- Piedmont Heights Location of Piedmont Heights within central Atlanta
- Coordinates: 33°48′11″N 84°22′15″W﻿ / ﻿33.803043°N 84.370816°W
- Country: United States
- State: Georgia
- County: Fulton County
- City: City of Atlanta
- NPU: F

Population (2000)
- • Total: 1,899

Demographics (2000)
- • White/Other: 87%
- • Black: 8%
- • Asian: 2%
- • Hispanic: 4%
- ZIP Code: 30324
- Website: Piedmont Heights Civic Association

= Piedmont Heights, Atlanta =

Piedmont Heights is an intown neighborhood on the east side of Atlanta, Georgia, founded in the early 20th century as a streetcar suburb. It is located between the BeltLine on the west; across from the Sherwood Forest neighborhood; I-85 on the north, across from an industrial area (Armour Drive); and Piedmont Avenue/Road and Morningside-Lenox Park on the east.

==History==
Originally the area was open country. The second oldest house in Atlanta is located here, a two-story frame Liddell house on Montgomery Ferry, built circa 1860. The first references to Piedmont Heights at the county tax offices are from 1912. The area was developed during the 1930s, 1940s and 1950s.

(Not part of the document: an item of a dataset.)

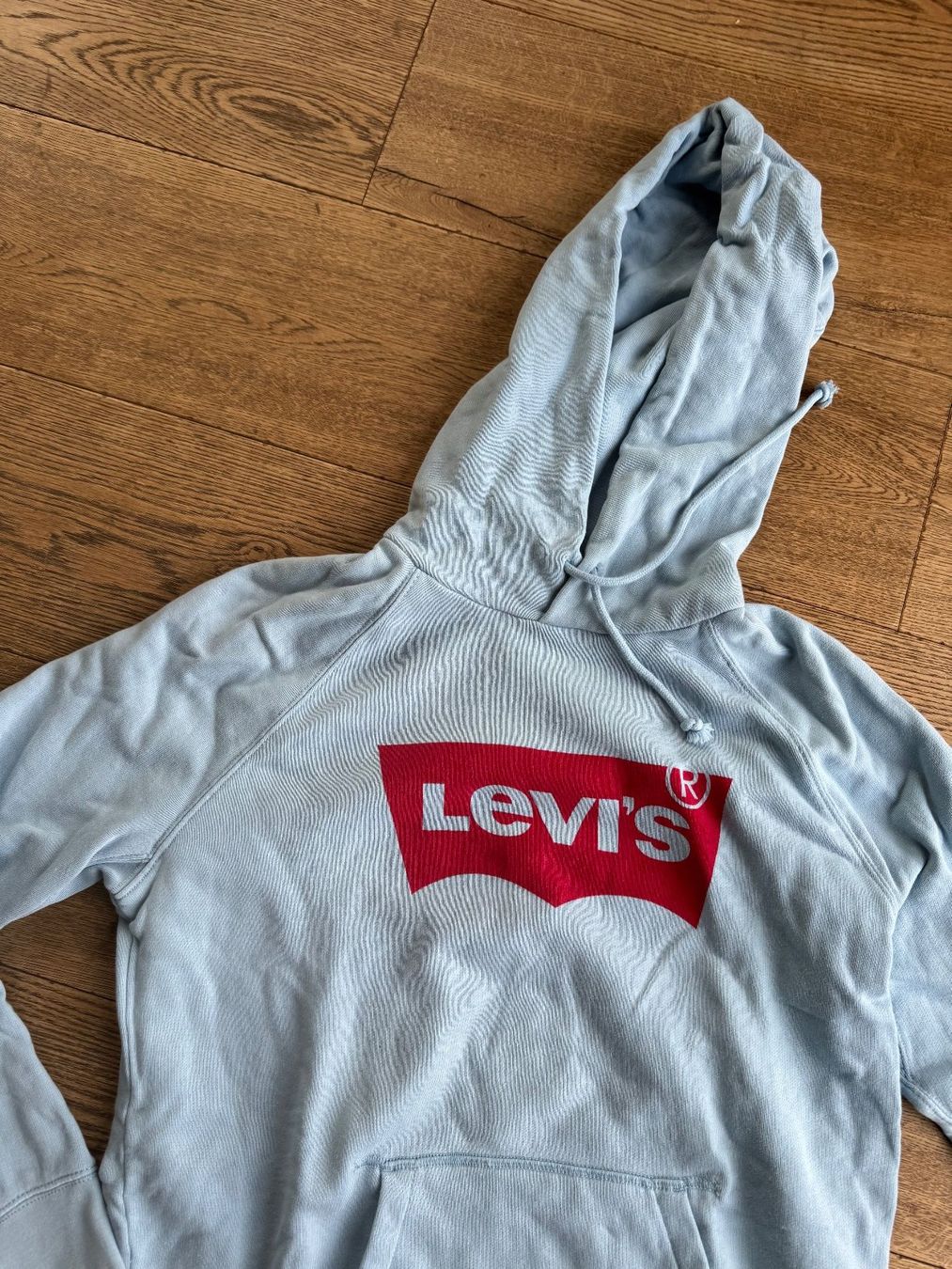 Levi's Pullover & Sweatshirts: Pullover, Levis //NEU// S – Gebraucht aus Stettfurt von outlet72 1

Largely due to efforts by the Morningside civic association MPLA, construction of I-485 was avoided which would have gone either close to or through part of Piedmont Heights.

==Commercial districts==
Ansley Mall, originally built in 1968 as an outdoor mall, now a hybrid of outdoor mall and strip mall, is located at the southern tip of Piedmont Heights. There is additional retail along Monroe Drive and Piedmont. Ansley Mall is a historic open-air shopping mall that opened in the 1960s.

==Education==
The community is zoned to Atlanta Public Schools.

==Parks==
Gotham Park is owned by the residents of Piedmont Heights (and not by the City of Atlanta), and it is run and maintained through the Gotham Park Committee of the Piedmont Heights Civic Association. In addition, Piedmont Park is diagonally across from the southern tip of Piedmont Heights.